Oui mais pas pour la vie
Des chercheuses australiennes se sont penchées sur cette question du « marché du co-locataire ». Analysant une base de plus de 9 000 annonces du site flatmates.com, elles ont ainsi brossé le portrait du « colocataire idéal(e) ». Les résultats sont à la fois éloquents et étonnants : le co-locataire rêvé est une personne qui contribue agréablement à la vie sociale, qui s’implique activement dans les tâches ménagères mais qui, dans le même temps, n’est presque jamais dans le logement. Ce résultat révèle le paradoxe de ce marché – un colocataire parfait est un colocataire absent.

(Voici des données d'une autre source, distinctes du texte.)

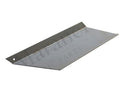 60104403 - Radiator Fi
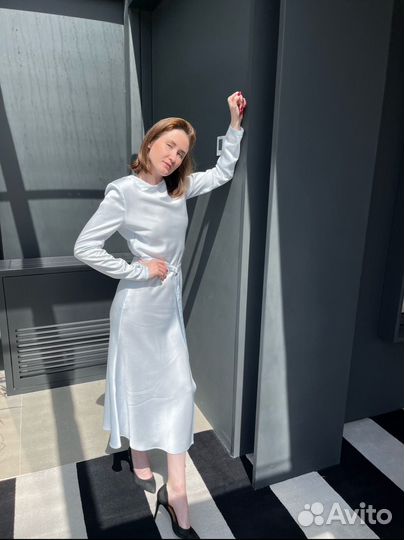 Платье женское 40-42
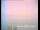 Webcam in Lyme Regis, 28.5 mi away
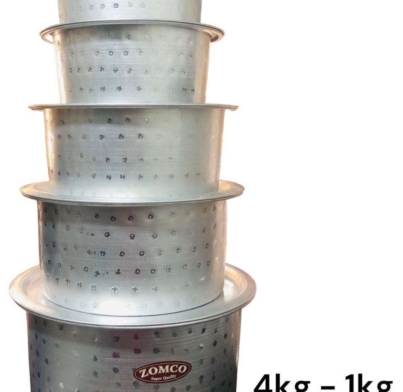 5-IN-1-XL-DOT-RANI-SET-4KG-1K.jpg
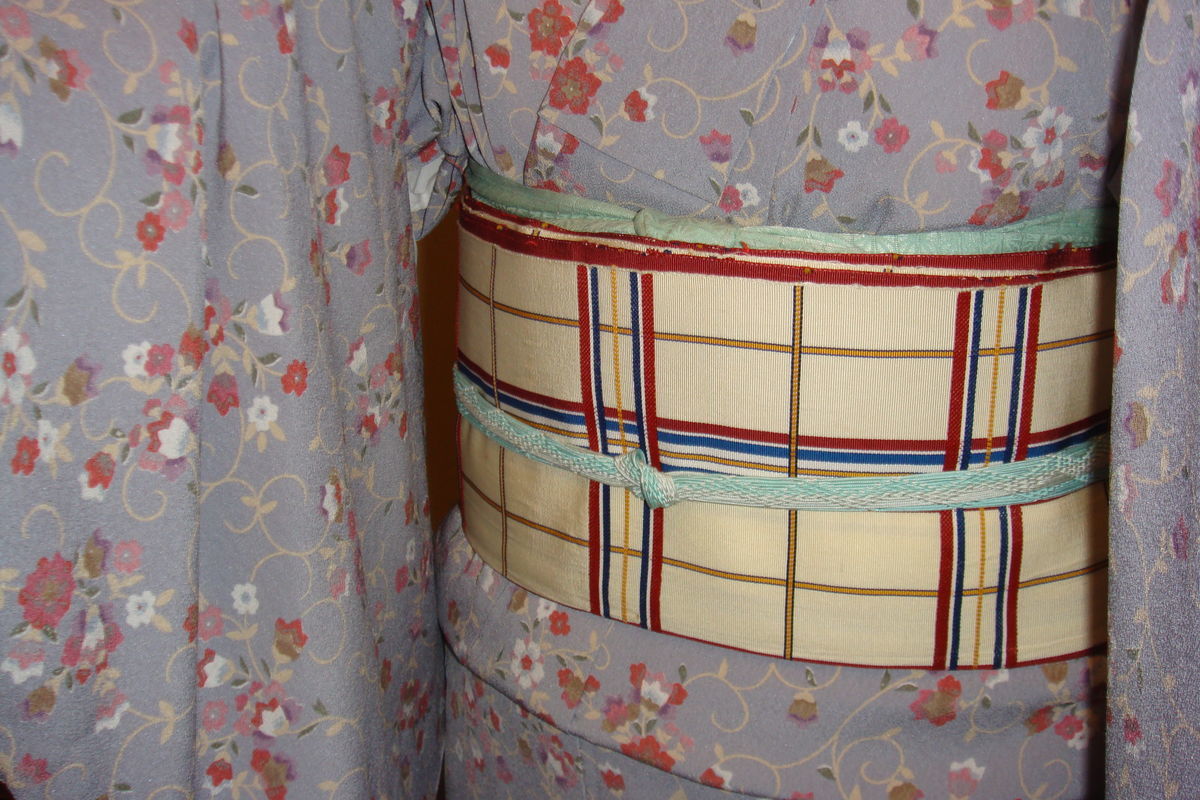 f:id:hohoan:20210617202445j:plain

On en arrive ainsi aux limites du marché de la colocation pour une occupation stable sur le long terme… sauf pour les colocataires qui se mettent en couple et forment finalement des familles qui pourront, à leur tour, acheter un appartement en coliving. Une version plus
« standing » de la colocation, précédemment expliquée par Hervé Parent1 : les habitants vivent généralement dans des résidences neuves, décorées, meublées, équipées et dotées de services, qui se divisent entre espaces privatifs (chambre, salle de bain, petite cuisine) et espaces partagés (salon, espace de coworking, salle de sport, etc). Une tendance forte à laquelle il faut aussi s’intéresser !
1 : Article « Coliving : une innovation prometteuse » Journal de l’Agence n°74 paru en juin 2022
Source : Maalsen S. & N. Gurran (2021), Finding home online? The Digitalization of share housing and the making of home through absence, Housing, Theory and Society.